Oracle RAC Interconnects Test

A cluster database comprises two or more nodes that are linked by an interconnect. The interconnect serves as the communication path between the nodes in the cluster database. Each Oracle instance uses the interconnect for the messaging that synchronizes each instance’s use of shared resources. Oracle also uses the interconnect to transmit data blocks that the multiple instances share.

The non-availability of the interconnect on any cluster node can impair that node’s communication with other nodes in the cluster. As a result, fail-over operations will be hampered and the cluster service will be forced to distribute session/request load across the remaining clusters in the node; this in turn may overload the other nodes in the cluster. In the aftermath of this, mission-critical business services using the clustered resources may experience prolonged outages or slowdowns, resulting in considerable loss of revenue and reputation.

To avoid this, administrators need to continuously monitor the availability of the cluster interconnect on each node, analyze how session/process load is distributed across the nodes via the interconnect, and proactively detect the following:

  • The sudden unavailability of the interconnect on a node;
  • How the unavailability of an interconnect affects the load on the other nodes in the cluster;

For this purpose, you can use the Oracle Cluster Interconnects test. This test periodically verifies whether the nodes in the cluster are able to communicate via the cluster interconnect, and promptly reports the non-availability of the interconnect. In addition, the test also keeps tabs on the session and process load on each node in the cluster, thus promptly revealing the impact of the unavailability of a cluster interconnect on the load and performance of other nodes in the cluster.

Note:

This test is applicable for Oracle Clusters with Multi-tenancy i.e., CDB(Container Database) and PDB (Pluggable Database) configuration.

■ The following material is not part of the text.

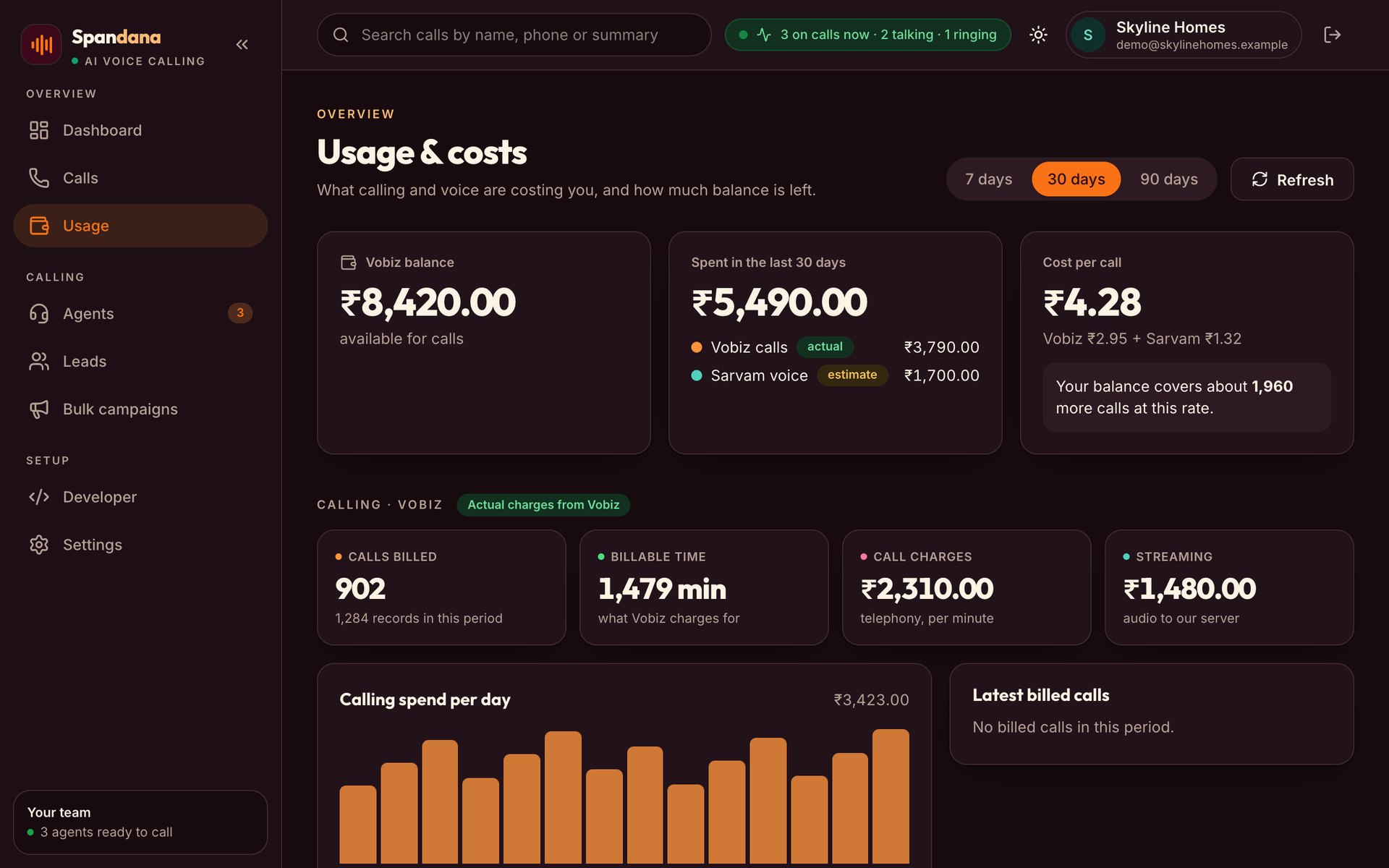 Usage and costs: See what calling and voice cost, and how many calls your balance still covers.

Target of the test : Oracle RAC

Agent deploying the test : An internal agent

Outputs of the test : One set of results for each clusternodeID_<IP_address_used_for_internode_communication> in the Oracle cluster.

Configurable parameters for the test
Parameter Description

Test period

How often should the test be executed

Host

The host for which the test is to be configured.

Port

The port on which the server is listening.

SCAN Name

SCAN stands for Single Client Access Name, it is a feature used in Oracle RAC environments that provide a single name for clients to access any Oracle Database running in the cluster. You can provide SCAN as an alternative to IP/Host Name. If this parameter value is provided, it will be used for connectivity otherwise IP/Hostname will be used.

Service Name

A ServiceName exists for the entire Oracle RAC system. When clients connect to an Oracle cluster using the ServiceName, then the cluster routes the request to any available database instance in the cluster. By default, the Service Name is set to none. In this case, the test connects to the cluster using the ORASID and pulls out the metrics from that database instance which corresponds to that ORASID. If a valid service name is specified instead, then, the test will connect to the cluster using that Service Name, and will be able to pull out metrics from any available database instance in the cluster.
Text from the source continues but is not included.